* Your goal: Take the lines below between the one holding "not easily upset" and the one holding "cold and aloof", inclusive, and copy them exactly. Add nothing.

——————

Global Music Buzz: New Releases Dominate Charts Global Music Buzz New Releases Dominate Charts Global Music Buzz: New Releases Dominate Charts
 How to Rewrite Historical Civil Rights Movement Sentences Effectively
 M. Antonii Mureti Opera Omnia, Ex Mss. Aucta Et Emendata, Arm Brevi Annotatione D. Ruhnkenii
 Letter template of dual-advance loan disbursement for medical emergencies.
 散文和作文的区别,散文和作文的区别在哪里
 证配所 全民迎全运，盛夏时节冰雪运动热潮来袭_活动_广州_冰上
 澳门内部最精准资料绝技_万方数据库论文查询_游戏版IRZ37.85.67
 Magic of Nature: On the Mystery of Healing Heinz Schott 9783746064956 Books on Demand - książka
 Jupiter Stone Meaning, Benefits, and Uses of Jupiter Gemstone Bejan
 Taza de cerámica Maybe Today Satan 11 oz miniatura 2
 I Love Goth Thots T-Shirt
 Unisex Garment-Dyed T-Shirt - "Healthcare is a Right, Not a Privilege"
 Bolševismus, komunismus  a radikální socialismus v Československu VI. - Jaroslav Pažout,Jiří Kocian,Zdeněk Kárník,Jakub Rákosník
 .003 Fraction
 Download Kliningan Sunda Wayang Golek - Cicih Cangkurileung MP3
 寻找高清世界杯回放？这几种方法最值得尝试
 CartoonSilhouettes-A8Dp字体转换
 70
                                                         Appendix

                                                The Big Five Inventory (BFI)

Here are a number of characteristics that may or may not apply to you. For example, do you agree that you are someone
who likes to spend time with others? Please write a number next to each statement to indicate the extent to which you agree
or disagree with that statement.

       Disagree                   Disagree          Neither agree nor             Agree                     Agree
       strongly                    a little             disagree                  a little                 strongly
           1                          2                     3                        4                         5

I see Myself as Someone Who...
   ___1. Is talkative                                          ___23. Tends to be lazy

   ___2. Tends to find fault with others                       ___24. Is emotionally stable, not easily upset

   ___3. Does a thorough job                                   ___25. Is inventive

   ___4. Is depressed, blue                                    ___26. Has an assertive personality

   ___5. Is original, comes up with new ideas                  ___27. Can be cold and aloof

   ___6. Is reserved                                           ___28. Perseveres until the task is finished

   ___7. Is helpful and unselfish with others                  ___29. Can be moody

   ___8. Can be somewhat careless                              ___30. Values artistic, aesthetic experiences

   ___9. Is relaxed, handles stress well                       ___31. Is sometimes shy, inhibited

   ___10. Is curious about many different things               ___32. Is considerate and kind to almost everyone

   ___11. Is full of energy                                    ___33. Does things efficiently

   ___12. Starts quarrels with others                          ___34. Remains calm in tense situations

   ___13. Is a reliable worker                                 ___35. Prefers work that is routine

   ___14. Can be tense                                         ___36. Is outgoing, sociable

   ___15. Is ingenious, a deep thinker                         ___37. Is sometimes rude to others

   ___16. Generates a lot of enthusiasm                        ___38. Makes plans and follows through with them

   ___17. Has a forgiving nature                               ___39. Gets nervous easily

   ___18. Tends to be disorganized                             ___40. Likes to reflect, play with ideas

——————

* Worked solution:
   ___2. Tends to find fault with others                       ___24. Is emotionally stable, not easily upset

   ___3. Does a thorough job                                   ___25. Is inventive

   ___4. Is depressed, blue                                    ___26. Has an assertive personality

   ___5. Is original, comes up with new ideas                  ___27. Can be cold and aloof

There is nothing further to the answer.